= Laurence de la Ferrière =

French climber, explorer and Antarctic specialist

Laurence de la Ferrière (born 1957) is a French mountaineer, explorer and writer. After breaking the woman's world record for altitude without oxygen on Mount Everest in 1992, in 1997 she became the first French woman to reach the South Pole alone, covering some 1,400 km (870 miles) in 57 days. More recently she has coordinated work at the French Antarctic station Dumont d'Urville.

==Biography==
Born in Casablanca, Morocco, on 16 March 1957, de la Ferrière came from a well-established French family. Her great-grandfather had been a banker, her grandfather an engineer and her father a salesman for a brick company. In 1965, as a result of upsets in Morocco, she and her family moved to the Lyon region in France. On qualifying from secondary school, she went on an Alpine mountaineering course in Courmayeur where she met her husband, Bernard Muller a seasoned climber. Together they climbed some of the world's highest mountains.

In 1984, she broke the woman's record for altitude without oxygen on Nepal's Yalung Kang. After giving birth to two daughters, Céline and Charlotte, two years later she again broke the altitude record, climbing Mount Everest.

During the European winter of 1996–97, de la Ferrière became the first French woman to reach the South Pole unassisted, covering the distance from the Weddell Sea to the Amundsen-Scott base at temperatures around -40 C while dragging a 150 kg (310 lb) sledge behind her. It was the moment she had always waited for. In her own words:

It's as if you have infinity in front of you, the infinitely large, the infinitely beautiful, the infinitely white, infinite freedom. For me, it's the greatest sense of freedom a human being can experience. As I walked along, I would turn around, look at my tracks, they were endless, it was wonderful.
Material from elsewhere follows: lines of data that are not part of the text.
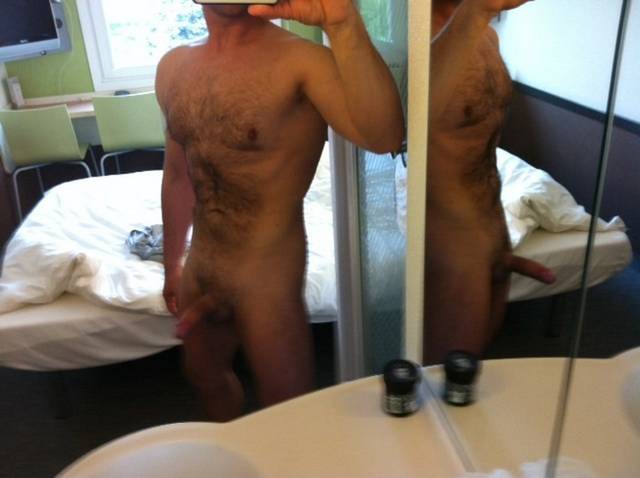 photo2.JPG - Sexiar33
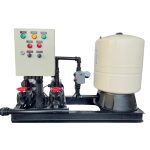 WhatsApp Image 2026-03-04 at 12.06.04 PM (2)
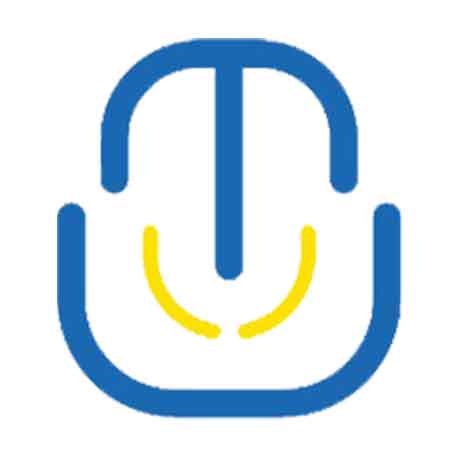 user icon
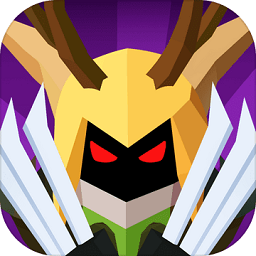 我玩贼特牛游戏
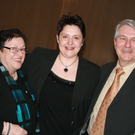 IMG_5329.jpg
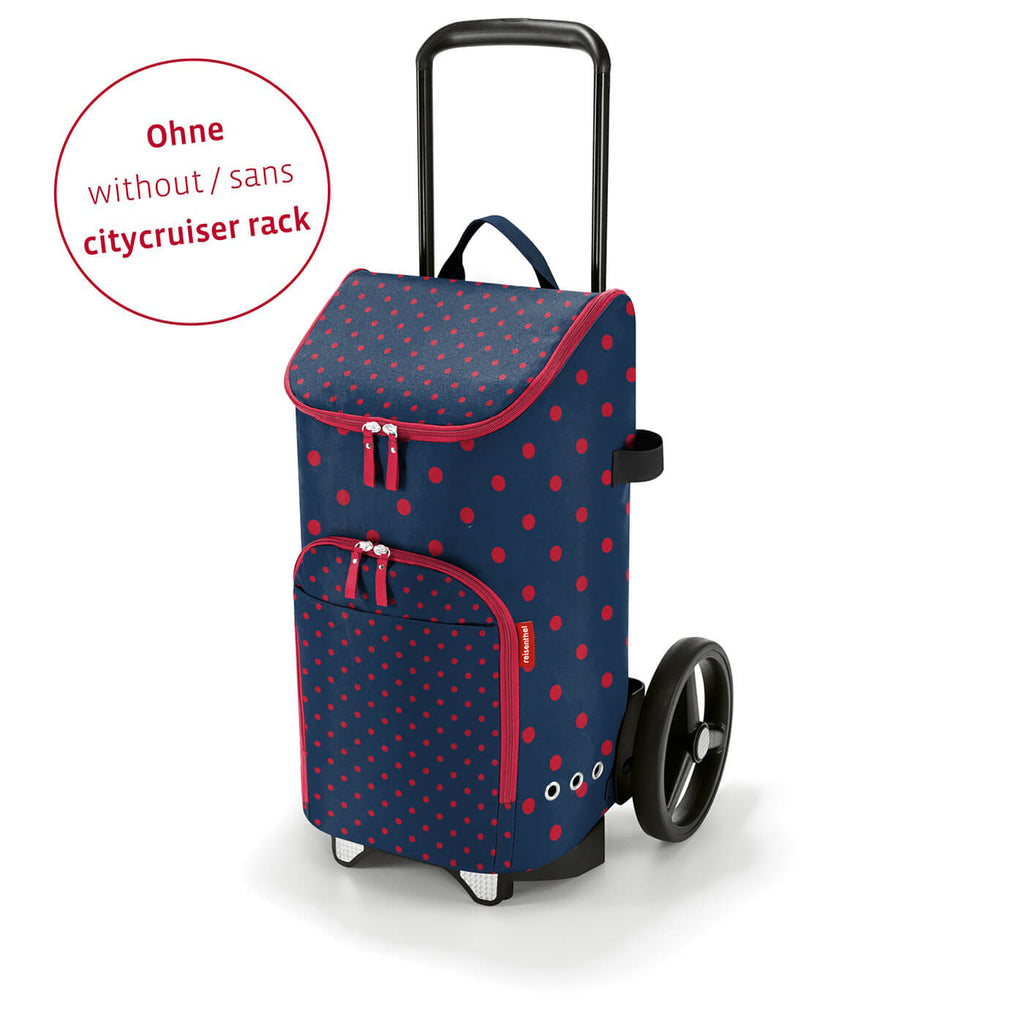 carro-de-compras-con-arrastre-citycruiser-mixed-dots-red-reisenthel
De la Ferrière returned to Antarctica in 2009, this time to head the French Dumont d'Urville Station for a period of 15 months. With a team of 25 scientists and technicians, of whom a third were women, the objective was to measure the thickness of the ozone layer and analyse residues in the ice. In 2012, she coordinated renovation work at the Dumont d'Urville Station which had been built in the 1950s. No longer interested in feats of endurance or exploration, she now spends the remainder of her time lecturing in France and Europe, explaining how important it is to study the Antarctic in order to improve understanding of climate change.

==Publications==
In early 2000, de la Ferrière published an account of her Antarctic experiences in Seule dans le vent des glaces (Alone in the glacial wind).